ITALIAN SUB STOUP with GARLIC TOAST FLOATERS
Stoup Ingredients:
2 tablespoons extra-virgin olive oil (twice around the pan)
3/4 pound (3 links) hot or sweet Italian sausage, split and meat removed from casing
1/4 pound pepperoni, diced
1 ham steak, diced (about 1/2 to 3/4 pound)
1 green bell pepper, seeded, quartered and sliced
1 medium yellow onion, peeled, quartered and sliced
1 (28-ounce) can diced tomatoes
Kosher salt and freshly ground black pepper
6 cups chicken stock
2 cups gemelli pasta or other short-cut pasta
Crouton Ingredients:
1/4 cup for croutons
5 cups cubed crusty bread
3 large cloves garlic, cracked from skin
1/2 cup grated Parmigiano-Reggiano, a couple of handfuls
1 teaspoon crushed red pepper flakes
1/2 teaspoon dried oregano
2 bunches arugula, trimmed and coarsely chopped (about 4 cups)
Directions:
1. Place a large soup pot or dutch oven on the stove top and preheat to medium high heat. Add olive oil, 2 turns of the pan and the sausage. Brown and crumble the sausage, drain off excess fat if necessary then add the ham and pepperoni. Cook meats together 2 minutes then add peppers and onions and cook 2 or 3 minutes more. Add diced tomatoes and season with salt and pepper. Add chicken stock and bring stoup to a boil. Stir in pasta and cook for 8 minutes. Make croutons while pasta cooks.

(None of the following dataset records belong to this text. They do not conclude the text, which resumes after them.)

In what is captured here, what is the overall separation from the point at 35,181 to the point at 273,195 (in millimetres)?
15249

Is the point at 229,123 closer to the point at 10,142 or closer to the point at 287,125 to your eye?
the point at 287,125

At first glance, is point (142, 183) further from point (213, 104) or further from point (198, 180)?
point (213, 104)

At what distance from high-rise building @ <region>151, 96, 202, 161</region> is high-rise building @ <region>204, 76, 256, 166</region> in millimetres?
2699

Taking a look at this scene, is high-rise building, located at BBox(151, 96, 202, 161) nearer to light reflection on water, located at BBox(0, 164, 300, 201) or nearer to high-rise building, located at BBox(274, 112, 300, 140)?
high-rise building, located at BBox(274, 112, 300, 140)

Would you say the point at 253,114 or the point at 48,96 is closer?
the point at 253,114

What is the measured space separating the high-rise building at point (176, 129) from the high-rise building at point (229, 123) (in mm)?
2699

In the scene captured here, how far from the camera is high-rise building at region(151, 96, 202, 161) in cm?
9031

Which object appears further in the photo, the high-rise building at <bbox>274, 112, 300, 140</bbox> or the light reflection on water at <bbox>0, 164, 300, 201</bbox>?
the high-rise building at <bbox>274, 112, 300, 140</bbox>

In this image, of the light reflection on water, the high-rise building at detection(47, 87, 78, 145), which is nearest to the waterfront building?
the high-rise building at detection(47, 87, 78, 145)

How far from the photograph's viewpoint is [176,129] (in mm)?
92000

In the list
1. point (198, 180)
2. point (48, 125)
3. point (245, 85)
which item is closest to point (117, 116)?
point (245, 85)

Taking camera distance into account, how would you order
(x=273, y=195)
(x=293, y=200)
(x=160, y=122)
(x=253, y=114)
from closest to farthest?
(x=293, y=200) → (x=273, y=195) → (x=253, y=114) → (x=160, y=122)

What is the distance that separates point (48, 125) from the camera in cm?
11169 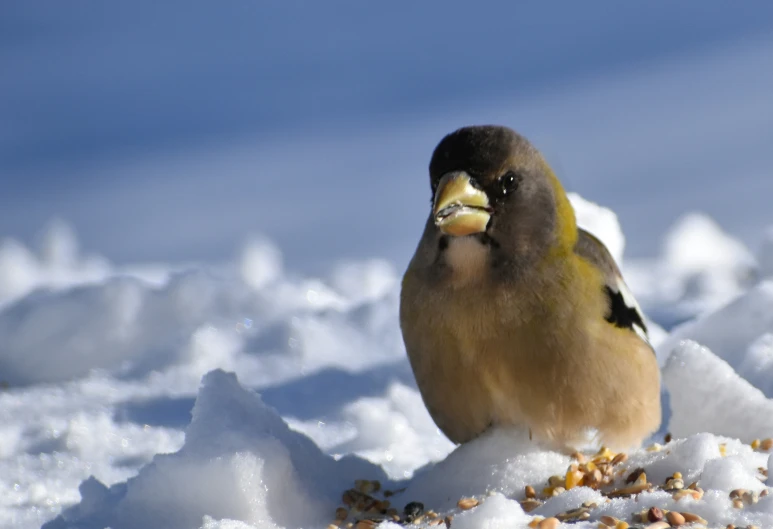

2. In a large skillet heat about 1/4 cup of olive oil, 4 turns of the pan over medium heat. Add garlic and cook 1 minute. Add bread to garlic oil, toss and toast the cubes 5 or 6 minutes. Season the toasty cubes with red pepper flakes, oregano and lots of grated cheese.
3. Stir arugula into soup just before you serve it up. Ladle up the stoup and float several toasty garlic bread cubes in each bowl.
Notes:
1. The very first time we made this stoup, we added the arugula. The problem was that we didn't eat all of the stoup the first night and yet we had added in all the arugula. It was soggy and gross to eat after the first meal. So, if you plan on using arugula, I would recommend adding arugula to each bowl as you go, rather than adding in the entire amount to the large pot. We usually just skip this ingredient.
2. I always use some kind of spiral noodle in this stoup. The original recipe I received called for 1 cup of pasta. We doubled it to 2 cups. The most current recipe on the Food Network calls for a 1/2 pound of pasta. I definitely don't think it needs 1/2 a pound. 1-2 cups should be plenty!
3. The recipe says to add kosher salt to taste. I find that the meats provide plenty of salt. Definitely taste it before dumping in any salt.
4. In the past year I've had a difficult time finding decent pepperoni sticks in the grocery stores I shop. When I haven't been able to find pepperoni sticks, I have substituted with prosciutto or dry salami. Although the other meats work fine, I prefer the flavor of the pepperoni. Tonight I used thin slices of pepperoni, like the kind you would used on a pizza. It was just fine.
5. This makes enough for 6-7 generous bowls of stoup. Now, the croutons are a different matter. The recipe says that 5 cups of bread cubes is enough for 4 bowls of soup. I'm sure that is true if you limit yourself to what is reasonable. Ben and I like them too much to spread them out that far:) I usually end up making new croutons each night we have the stoup.
Mmmmm-this looks great! I have been looking for new soups. Now I want to try two of yours. Maybe next weekend will be the weekend of soup!